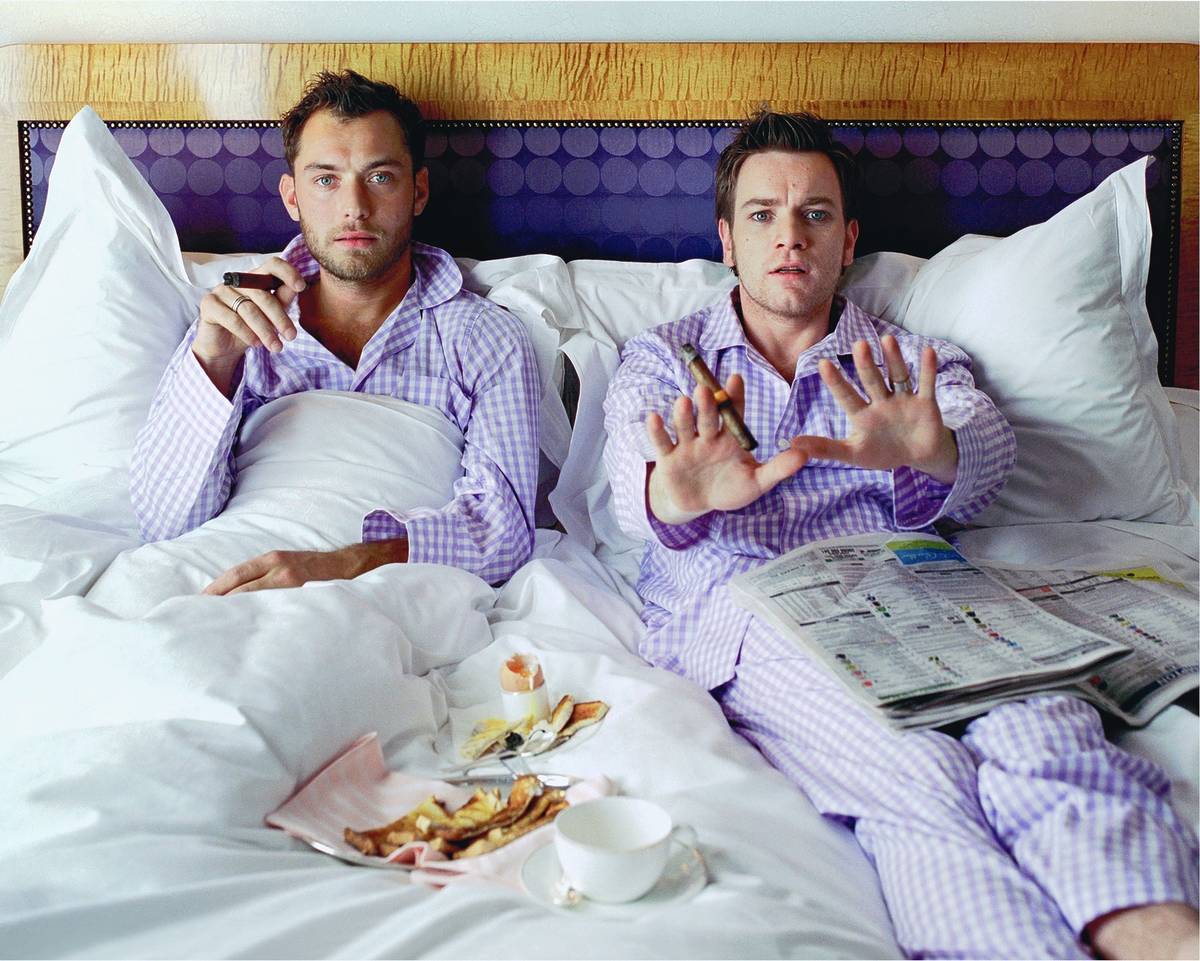 a photograph of actors jude law and ewan mcgregor in bed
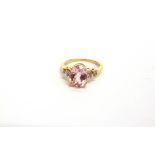 A 9 CARAT GOLD KUNZITE RING the oval cut stone, 9.7 by 7.7 by 5.4mm deep, with a trio of single cuts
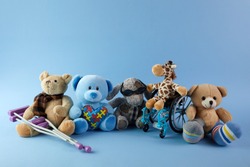 International day of persons with disabilities. Wheelchair with toys sign of different disabilities on blue background.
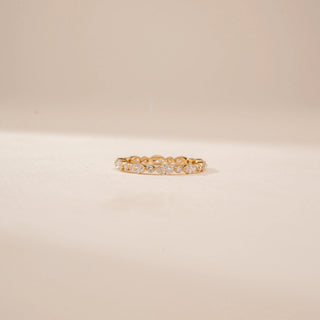 Front view of a 14KT Yellow Gold diamond band with alternating round and oval diamonds in a linked design.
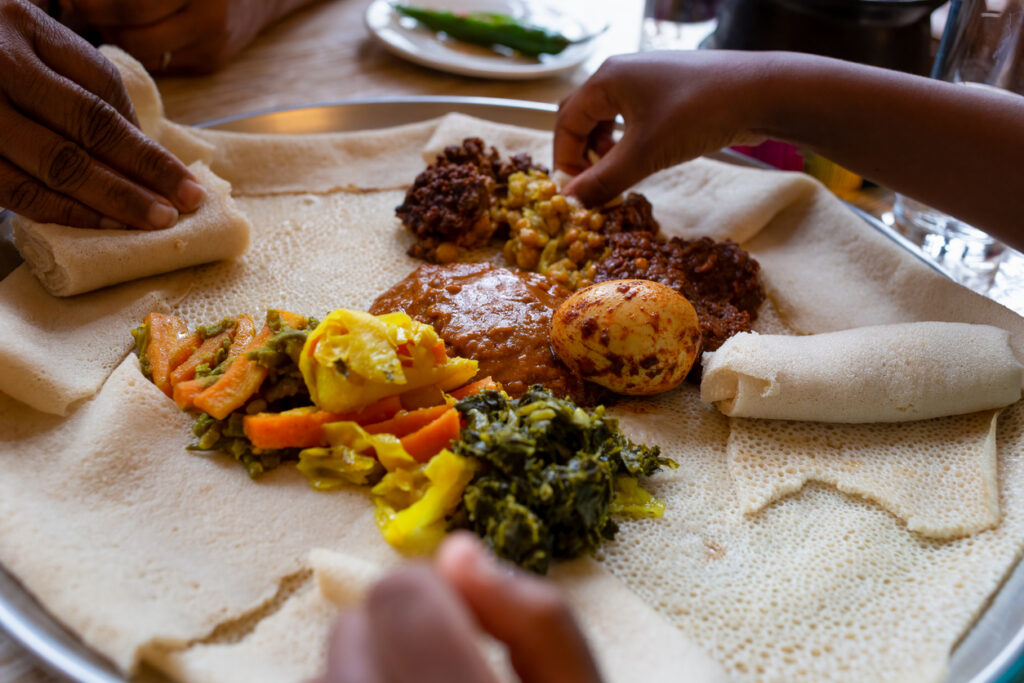 Hände greifen zu einem großen Teller mit Vegetarisches Injera-Menü mit Shiro, Linsen und Ei, dazu Gemüse und Soßen auf weichem Fladenbrot.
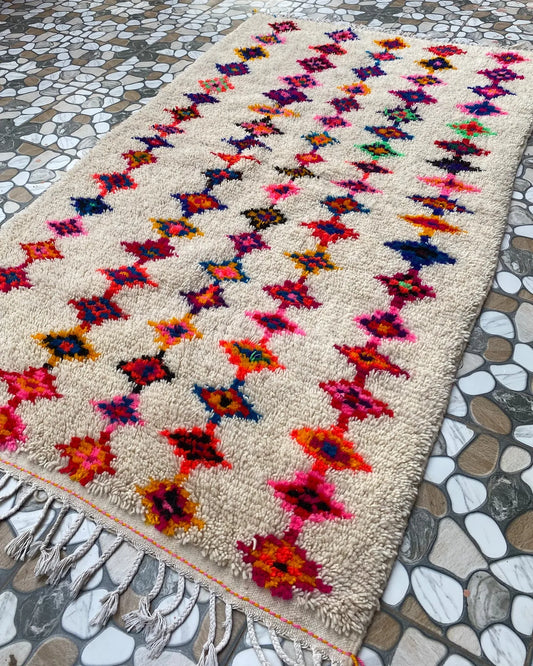 Multicolor Diamond Azilal Rug, seen at an angle on the workshop floor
- - - -
ACTIVITY: Each record should appear again exactly as it stands, with no picture included.

TASK OUTPUT:
 a photograph of actors jude law and ewan mcgregor in bed
 A 9 CARAT GOLD KUNZITE RING the oval cut stone, 9.7 by 7.7 by 5.4mm deep, with a trio of single cuts
 International day of persons with disabilities. Wheelchair with toys sign of different disabilities on blue background.
 Front view of a 14KT Yellow Gold diamond band with alternating round and oval diamonds in a linked design.
 Hände greifen zu einem großen Teller mit Vegetarisches Injera-Menü mit Shiro, Linsen und Ei, dazu Gemüse und Soßen auf weichem Fladenbrot.
 Multicolor Diamond Azilal Rug, seen at an angle on the workshop floor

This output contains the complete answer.